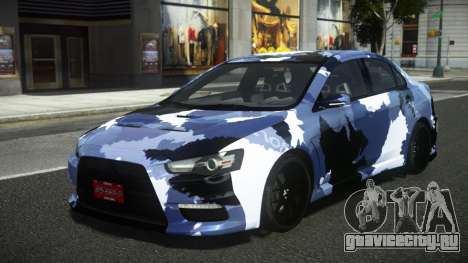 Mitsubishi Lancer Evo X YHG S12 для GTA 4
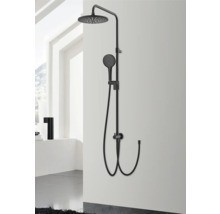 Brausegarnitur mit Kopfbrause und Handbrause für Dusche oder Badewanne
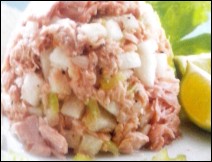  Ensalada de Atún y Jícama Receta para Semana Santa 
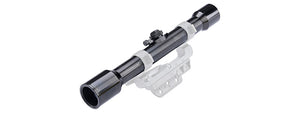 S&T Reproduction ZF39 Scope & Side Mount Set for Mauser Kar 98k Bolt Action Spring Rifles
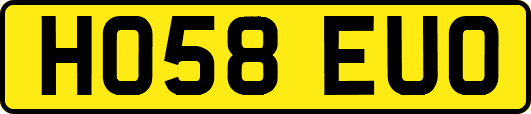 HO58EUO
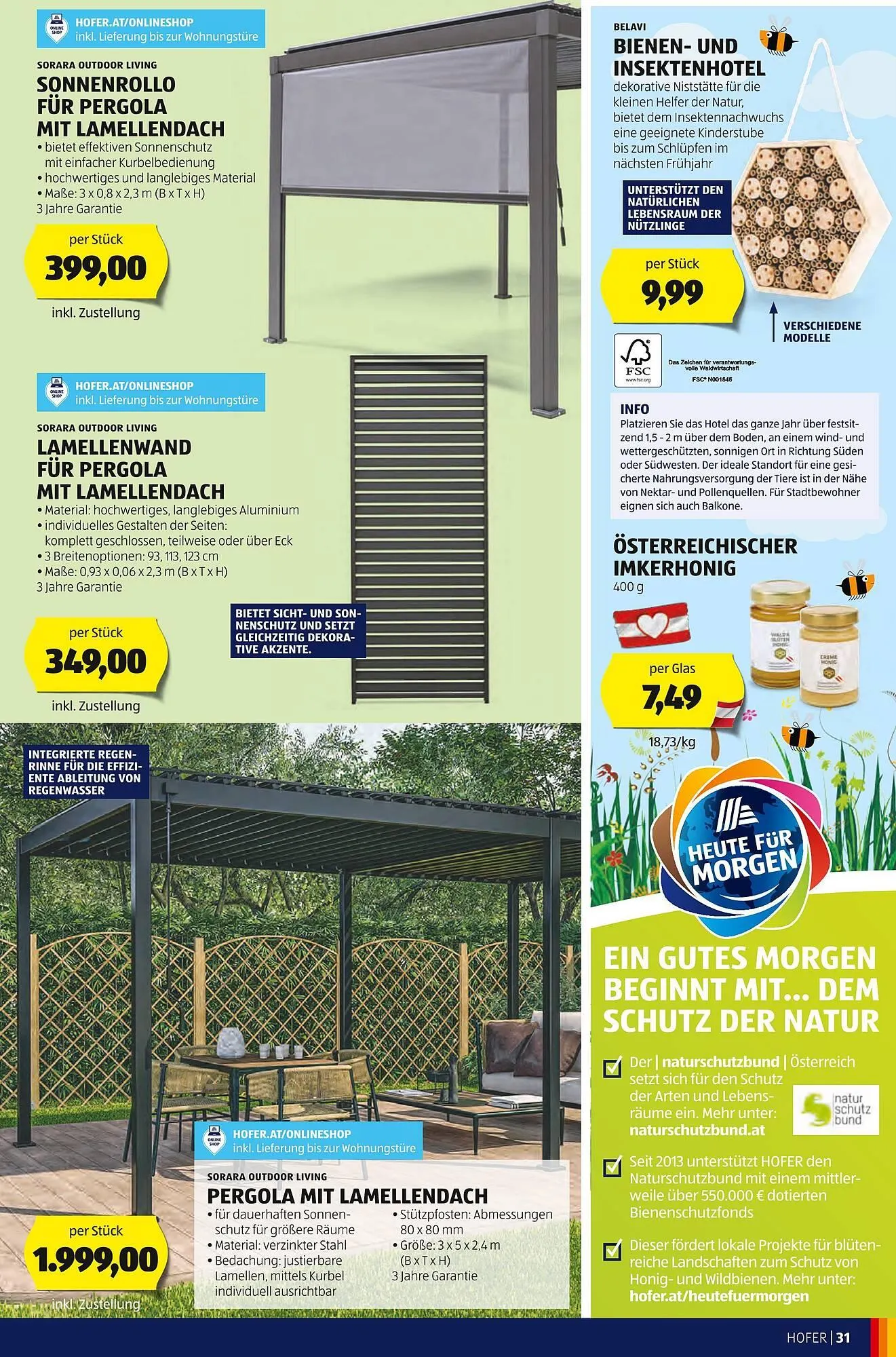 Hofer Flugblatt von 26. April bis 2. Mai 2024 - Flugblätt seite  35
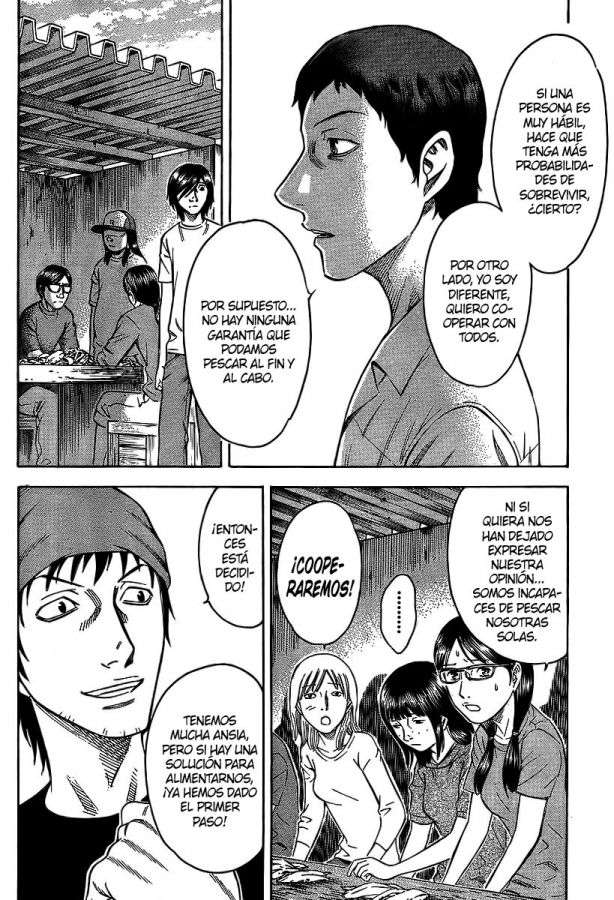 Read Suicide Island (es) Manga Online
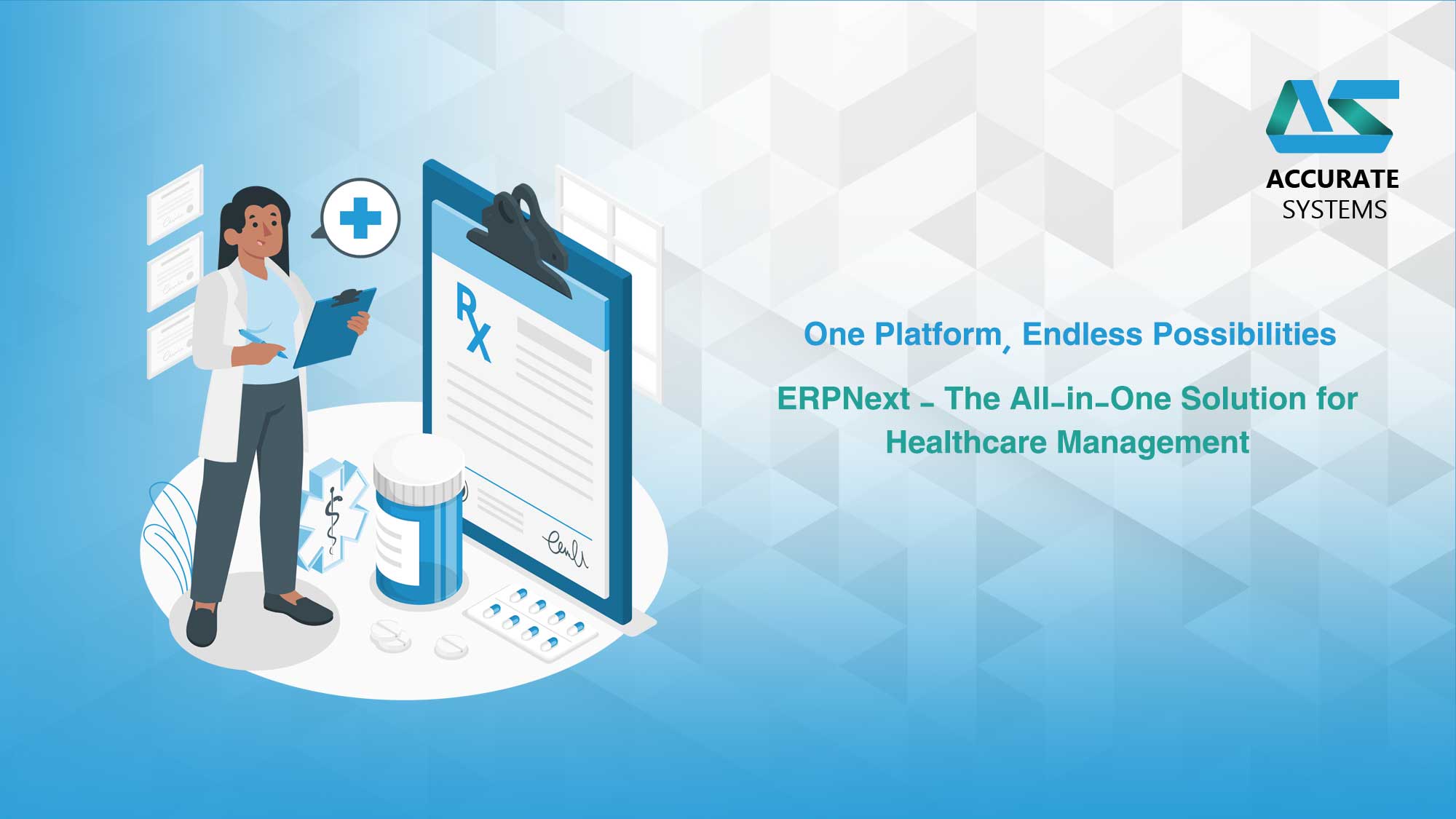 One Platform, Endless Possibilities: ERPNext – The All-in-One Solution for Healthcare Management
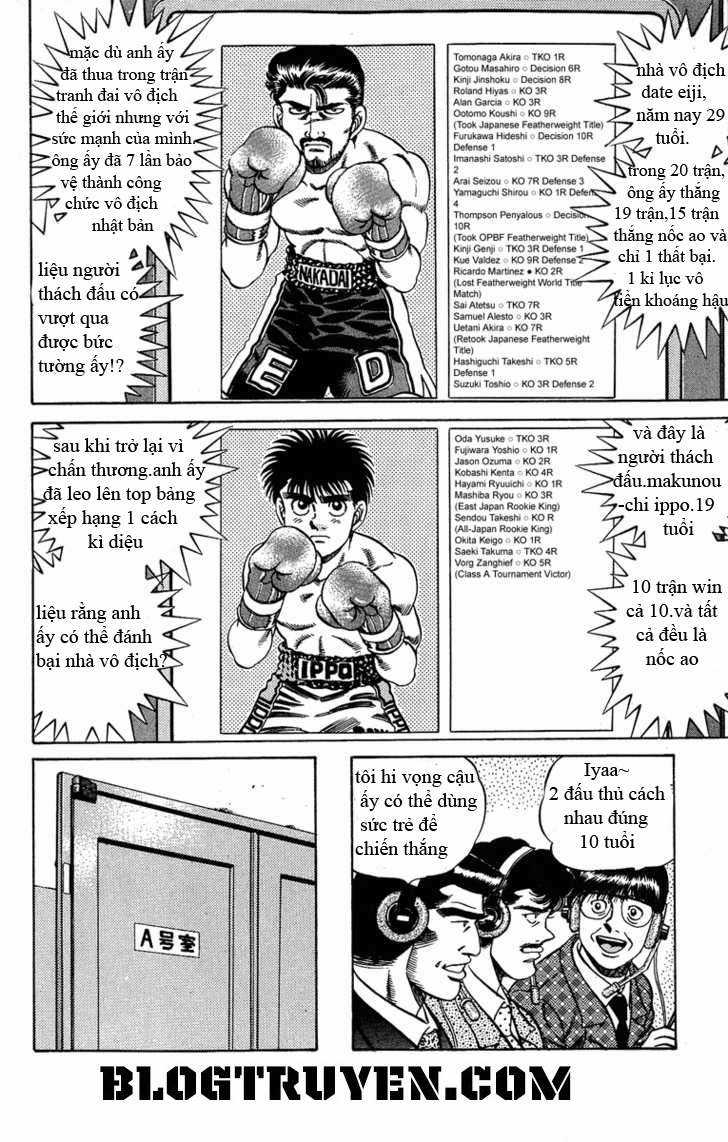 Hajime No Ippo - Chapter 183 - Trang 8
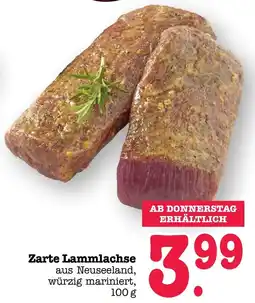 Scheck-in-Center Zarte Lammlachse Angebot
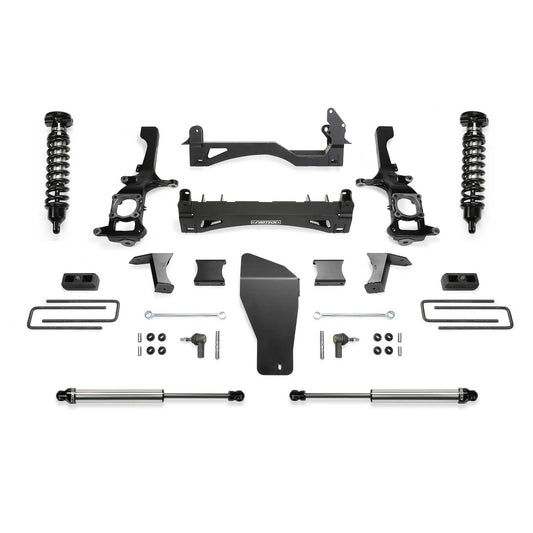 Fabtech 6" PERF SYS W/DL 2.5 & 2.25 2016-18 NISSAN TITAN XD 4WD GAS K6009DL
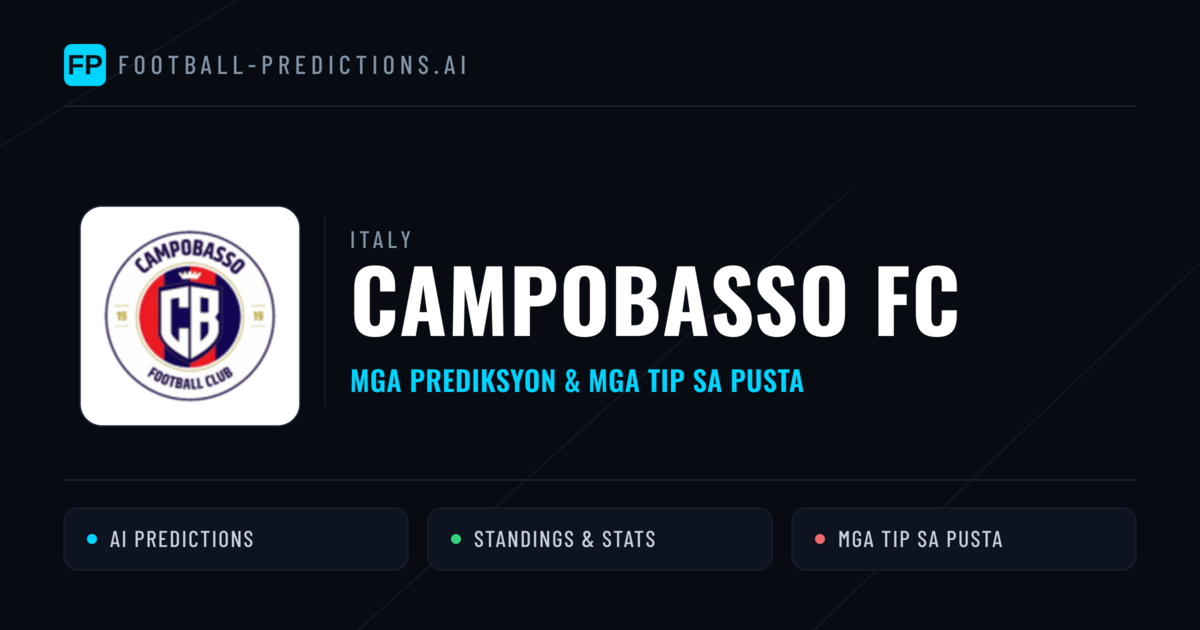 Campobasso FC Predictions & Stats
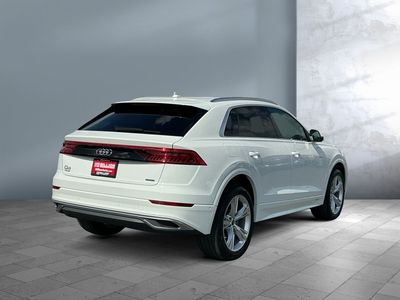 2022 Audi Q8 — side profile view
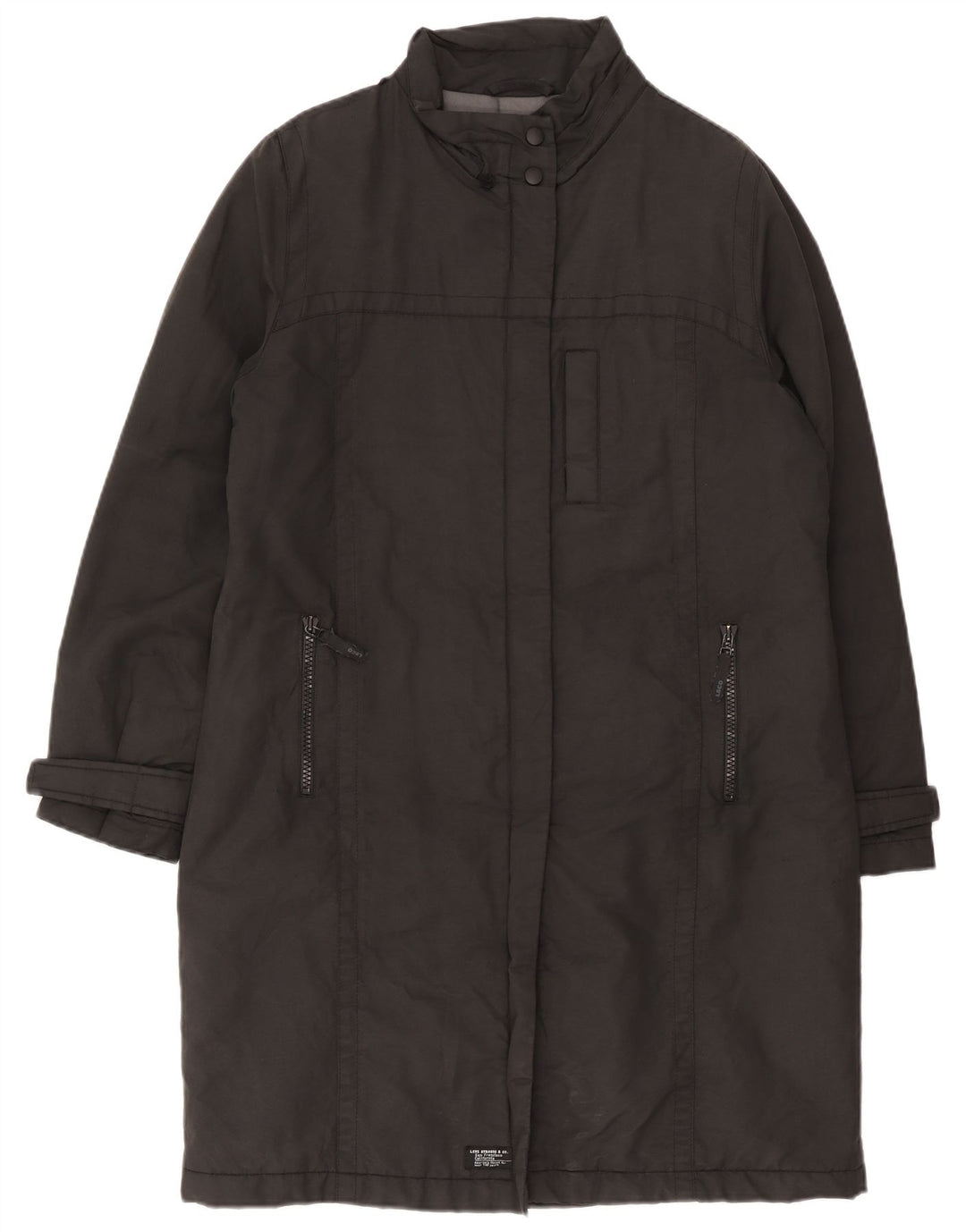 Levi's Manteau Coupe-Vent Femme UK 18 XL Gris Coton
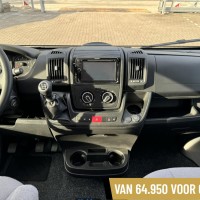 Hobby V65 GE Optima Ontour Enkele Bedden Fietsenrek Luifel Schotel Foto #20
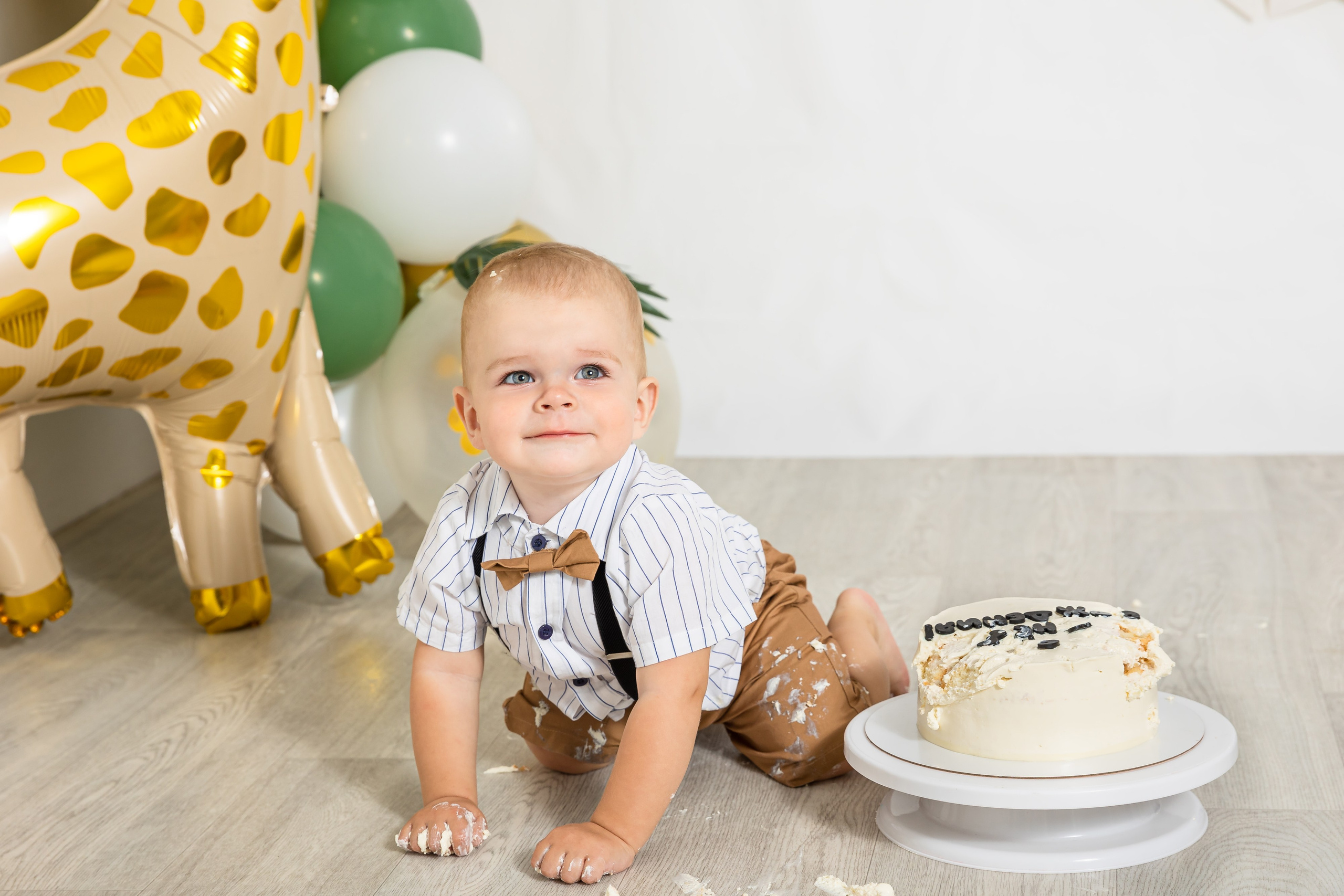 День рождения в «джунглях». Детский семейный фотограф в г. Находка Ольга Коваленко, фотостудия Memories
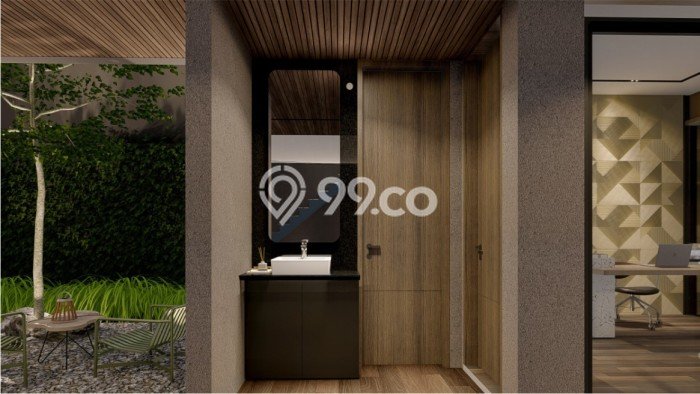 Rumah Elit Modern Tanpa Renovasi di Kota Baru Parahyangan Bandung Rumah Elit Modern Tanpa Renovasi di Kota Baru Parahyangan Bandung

#### TO DO
Find the line that contains "День рождения в". Reproduce it and every later line of the records exactly, minus the pictures.

#### RESPONSE TO THIS TASK
 День рождения в «джунглях». Детский семейный фотограф в г. Находка Ольга Коваленко, фотостудия Memories
 Rumah Elit Modern Tanpa Renovasi di Kota Baru Parahyangan Bandung Rumah Elit Modern Tanpa Renovasi di Kota Baru Parahyangan Bandung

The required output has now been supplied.